I gave a little laugh. ‘No doubt. But then you can’t build victory/success – whatever you think of as the opposite of defeat – on delusion.’ I thought for a moment. ‘Or perhaps you can. Anyway, I really enjoy the work I’m doing. I’m not looking for anything new.’

‘So tell me then, what is it with mending old pots that you find so fulfilling?’

I frowned at him but he didn’t notice so I tried to explain instead. ‘I like it because so often ceramics, porcelain, are a combination of art and craft, of the decorative and the practical. I like the idea of someone taking the trouble to make something that is essentially a utilitarian workhorse of an object into a thing of joy. I think it’s touching. And it makes me happy to think that instead of that thought and effort being thrown away and lost I can bring it back to usefulness.’

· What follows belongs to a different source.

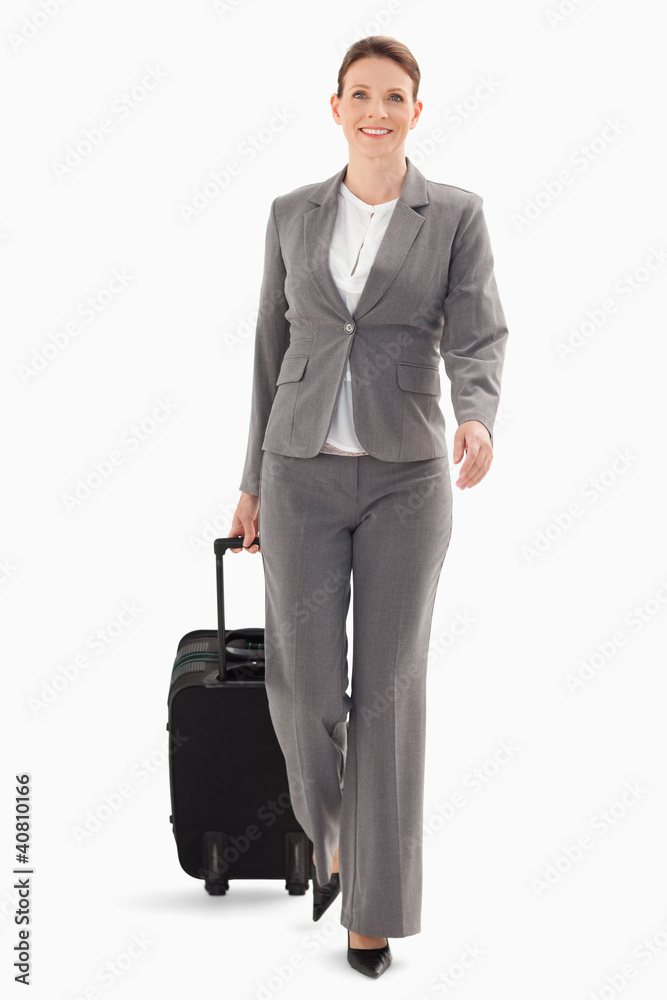 Businesswoman walking forward with a suitcase Businesswoman walking forward with a suitcase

Uncle Ian said he could see the charm in that. He used that word, charm. I thought of the pieces that had passed through my hands; the refined Meissen and rustic Staffordshire, the intricate Willow Patterns and achingly sophisticated Sèvres, the humorous Tobys, the frail Minton, the joyful Wemyss, and I thought yes, charm was a good word.

‘So have you thought some more about my offer?’

I was yanked back into the world outside work. ‘Yes. Yes, I have.’

‘And?’

‘Uncle Ian.’

‘Yes.’

‘At the inquest I said I thought she was following.’

He looked at me, a question in his eyes, and then he nodded, slowly.

‘And that I thought she was just mucking around when she called out.’

‘Yes.’

I sighed and the sigh was so heavy I thought it might drag me with it to the ground. ‘But that might not have been completely right. I might have realised she wasn’t following. I was panicking, in a silly schoolgirl way; giggling and flapping both at once.’ I paused and looked down at my hands, the fingers twisting and untwisting like crazed snakes, then I looked up at him. ‘It’s all such a muddle, but I might have realised.’

There was a long silence. I looked down at my hands again. Keeping my fingers still and flat against my thighs.

‘Might?’

I nodded without looking up. ‘I honestly don’t know for sure. I realise that sounds just terrible because every second of that night should be seared on my mind, but the truth is I can’t be sure.’

‘Eliza. Look at me.’

I kept my head lowered but my gaze sidled towards him.

‘Did you mean for any harm to come to Rose?’

My chin jerked upwards. ‘Of course not. I loved her.’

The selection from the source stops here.